1/23/09

None of My Business

Your opinion of me is none my business, I live for an Audience of One (paraphrasing The Apostle Paul.) "We live by FAITH, not by sight...we make it OUR GOAL to please Him." 2 Cor 5:7,9 NIV

Why, O Why, do we REALLY do what we do?
We sometimes get so busy that we forget "our Whys."

We stop stopping, to ask why: What’s my TRUE motivation here?
Just like the Energizer Bunny, we just keep going and going … putting one Nike-clad foot in front of the other, running … in a hurry, but WHY, toward what end?

Sometimes my motivations are obvious.

Sometimes they are hidden in some dark recess of my heart.
Sometimes I’m not even sure what I’m up to...OR why I'm up to it!

How can this be? It’s my brain, my heart, my life… I'm in control of myself, right?

I used to believe I was in control of…well…everything, everyone, and pretty much whatever was going on around me. I looked around and saw that life was good (and if it wasn't, I fixed it.) Yep, I had set myself up as my own God. But, if a relationship went haywire, or if a big deal started to tank, I’d think, O God help me, beam me out of this mess, (mostly though, I relied on me, just adding the God-talk for extra insurance.)

I’m a people-pleaser by nature, toss in my sales & marketing background and I can be quite adept at manipulation. No big, bad lies, mind you… just careful, colorful wording to better-illuminate my key points, be relate-able...speak the language' of the audience at hand, set the stage, sugar-coat any ugliness, be selective with the facts when the whole truth may be 'complicated or unpleasant.'
Why all this “massaging of words,” rather than straight-talk?
Because I had a desperate need to be loved and respected, didn't want to offend or alienate anyone. We all want to be liked, but my need was a 12 on a scale of 1 to 10. And I didn't even see it! I just thought hey, I like people and people like me! OPO (Other People’s Opinions of me) formed the core of my self image. If someone didn’t like me, then I must be a failure, so I'd better get busy, do whatever it takes to win them over.

You may be thinking, hey I think I do that too, hmmm maybe I’m an OPO-addict too?

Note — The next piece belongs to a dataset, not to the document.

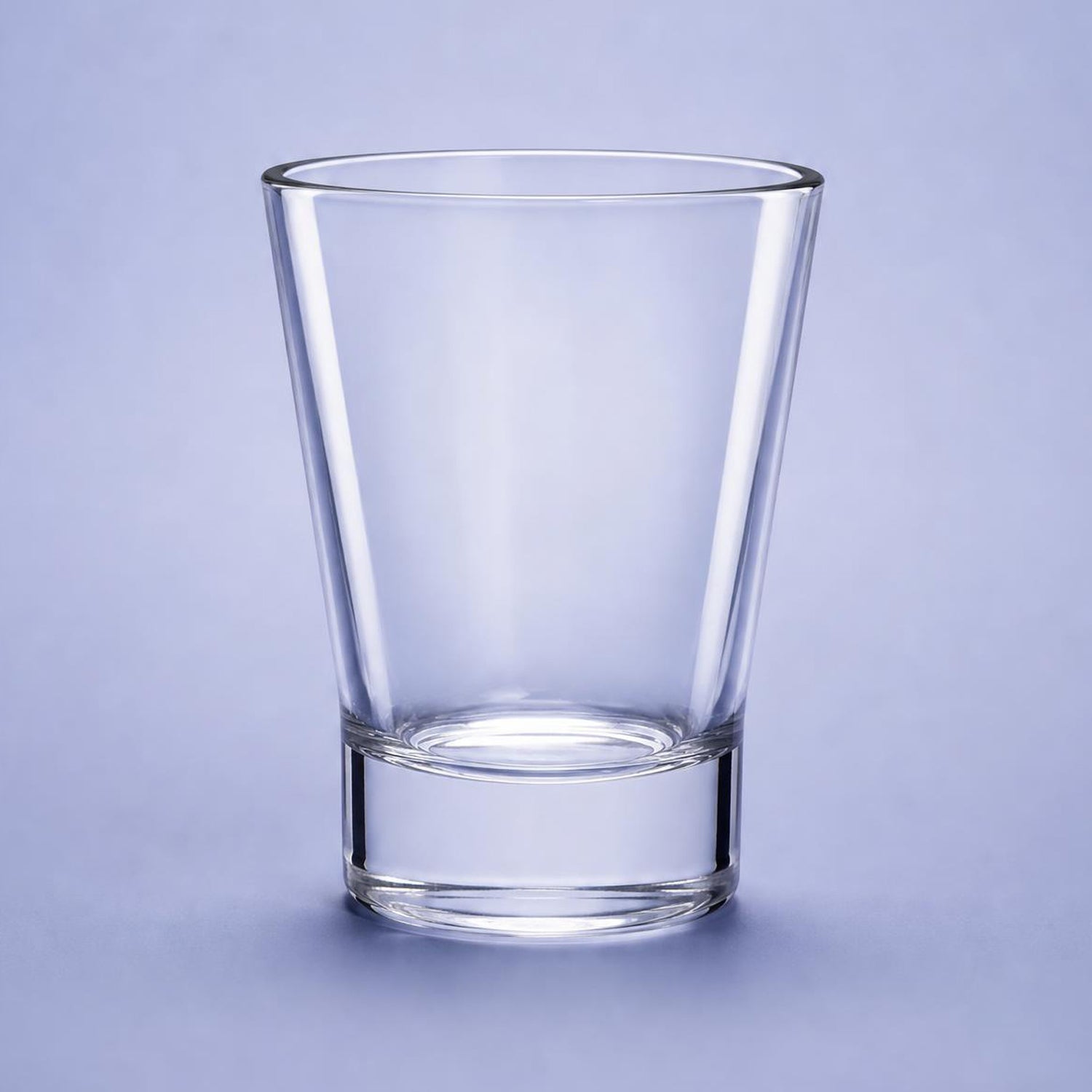 Bormioli Rocco Caffeino Tumbler 9 Cl - 6 Stuks - Glazen.nl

Is there a 12-step deal for this, what books should I run out and buy? There is ONE BOOK that changed everything for me. I started reading it about 10 years ago when Jesus came into my life. He is The Change-Agent. He began a major remodel on me the instant I said yes to Him; but, change in the area of OPO has been gradual... 3 steps forward, 10 back! When I start looking around instead of up for feedback, I'm sunk. That old familiar trap door opens and in I fall, unless I stop and ask The Lord to give me His strength.

I have had seasons of walking so closely with Him, reading His Word daily, then for some stupid reason I start self-directing again. Can Jesus change everything about a person upon their acceptance of Him? Yes, but for most of us acceptance is just the 1st step of a life-long process. Every morning the decision is ours, to yield... or not.
Strong-willed women require extra helpings of grace. On yielded days, days when I am still, and remember that He is God… then, I know for sure that His Opinion of me is the only one that matters. He is The Lord of my life He has an everlasting love for me, and He says that I am His Treasure, His Pearl; and He is mine. God wants to hear from me and help me. It seems too good to be true, but I know that it is True….not just for me, but all who seek His Face.

When I start wondering what people think of me, I open my Bible to one of Paul’s Letters. Paul achieved worldly success as a young man; then traded it all for the cause of Christ. Paul concluded that other’s opinions did not matter a hoot…and,not only that, he said OPO, other people’s opinions of him were none of his business. How about that! His only care was Christ… how freeing!

What if we all spoke the Truth, simply and lovingly... without defending ourselves, or manipulating others? What if we all truly lived for Christ Alone, An Audience of One!
Lord, let people's opinions of me be none of my business.
Lord, let pleasing YOU be my business and the motivation for everything I do.